I got a new 54cm R5000 this week and put my campy titanium record pedals on it and tossed it on the scale at the shop after my fitting. It weighs just under 18 pounds at 17.95 lbs. Nothing to be happy about. This is stock with the FSA SLK compact crank and Mavic Elites, plus the pedals which weigh about 280-90 grams. Time to figure out what to replace to get this to 16. I'll weigh the stock parts when I can. 

Here is the list of stock parts: http://www.cannondale.com/bikes/06/CUSA/model-6RR5KD.html

I'll swap my SL's from my R700 once the weather gets better, saving ~170 grams. I'm bringing my Aspide saddle over too, which is 65 grams lighter than the Arione (245gm).
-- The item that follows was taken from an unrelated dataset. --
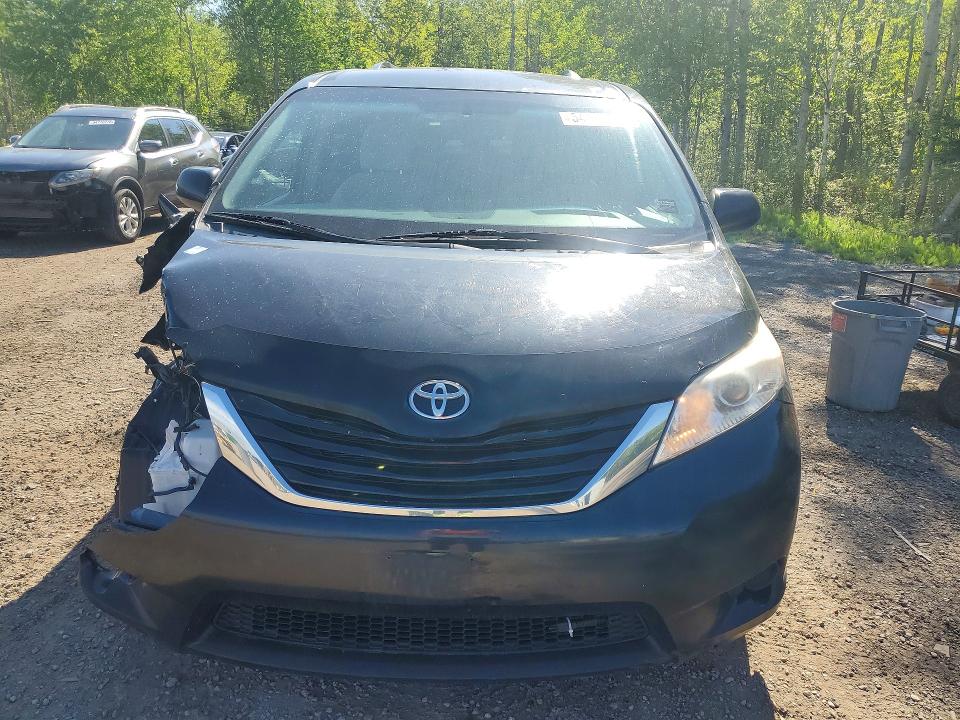Продажа на аукционе авто 2015 Toyota Sienna, vin: 5TDKK3DCXFS625469, номер лота: 54023396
So those 2 swaps will ~235 grams (0.52 lbs). 

I bought on ebay the EC90 equipe bars (ergo shape, 195 grams) to replace the Fire bar on the R5000 (says 255 gms on the bar) saving 60 more grams.

I have a dura ace crank that I'm putting in after I try out the compact for a while. The FSA SLK compact (172.5) is ~795. The DA ~735. 60 more grams.
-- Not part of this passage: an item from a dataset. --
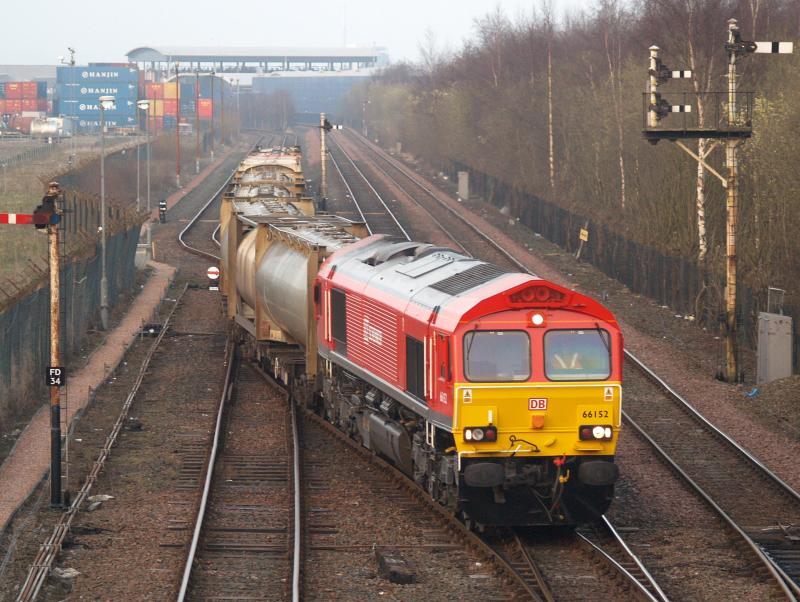 66152: 66152 on it's first visit to Scotland On Friday 20th. March 2008 working 6D68, Grangemouth - Mossend seen here departing Fouldubs Junction at 18:00. Photo of 66152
So that will be ~360 grams ( 0.8 lbs). I'll be around 17.2 pounds with some nice components. I hope the stock Cannondale stem and post are pig heavy, cuz after I upgrade those, what else is left? Maybe the Time titanium RXS pedals for ~80 grams. Maybe the Hutchinson tires on the Elites are heavy too, though I can't imagine tires varying that much. Should I start shopping for an Alien USE post and a Ritchie WCS stem?
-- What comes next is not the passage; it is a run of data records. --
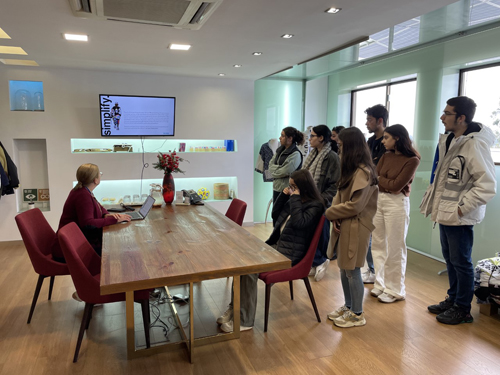 Estudantes do 1º ano do Curso de Design da Universidade Lusíada visitam a Têxtil Scoop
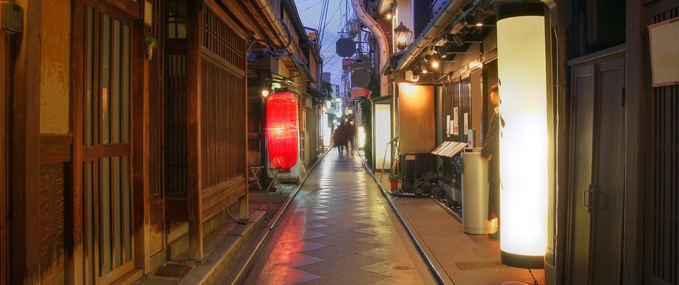 Kyoto After Dark: An Evening Stroll through Pontocho and Gion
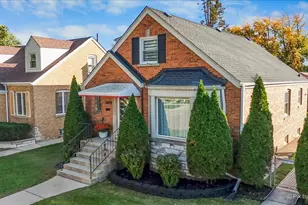 6959 W Summerdale Ave, Chicago, IL 60656 - Photo 2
So Weight Weenies, please advise!


----------



## SDizzle (May 1, 2004)

You could save over 1/4 lb by tossing those tank-arse DA shifters in favor of Campy Record and a matching rear derailleur. If you ask me, anyone trying to build a light bike with 450g shifters isn't trying very hard. I don't understand Shimano's obscene shifter weights, not to mention the cost.

As far as the rest of the bits go...WCS or Syntace F99 stems are light and secure. I don't see any point to carbon bars (let alone stems - but you're smart for not considering one), but that's just me. I won't use anything other than Thomson posts, so I'm not the right person to answer you on that one. I'll say it anyway: MASTERPIECE. You'll probably save more than you're expecting with your change in cranks - nothing FSA has every built has ever weighed anything near its stated weight. DA cranks that I've weighed have come in under, but that's up to chance. And yes, Pro-Fits of any variety are very heavy. There are much lighter wheels than what you're considering, too.

But...I just built a Chorus and Record Dean that weighed in at 19 lbs for a 58 - 180mm alloy cranks, hand-built Record/Ambrosio wheels, Thomson gear all around - and I couldn't be happier. It's supposed to be raced, and will last through several seasons of crit-beatings.


----------



## bikeuphill9 (Sep 7, 2005)

*Lightening C'dales*

I am working on lightening a cannondale as well. Mine is a 2001 R3000. I went with the Syntace F99 stem and am very pleased with it. I switched to FSA SLK cranks, from the old DA 9spd. I know they weigh the same if not more, but I wanted compact and an outboard bearing bottom bracket. My next move is replacing the wheels (handbuilt w/ tune hubs) 1270g, seatpost (USE Alien), sadle (Selle Italia SLR) and handlebars (3T Less 199). All said and done I hope to lose 2 lbs on my bike and hopefully 10 lbs of of me! Good luck and tell us how you like your new parts.


----------



## cotocalicyclist (Feb 18, 2006)

Just a thought, but I would take a close look at that seatpost. The C'dale website said it was a "carbon-wrapped" post. In other words, the carbon is probably there purely for aesthetics and results in a weight penalty. 

I am ok with Cannondale, but I really get annoyed at that kind of gimmick that serves no purpose other than to trick people into thinking they are getting a top-end product when C'dale is really just making some extra money.

Am I wrong to think this?

Anyway, good luck with the project.


----------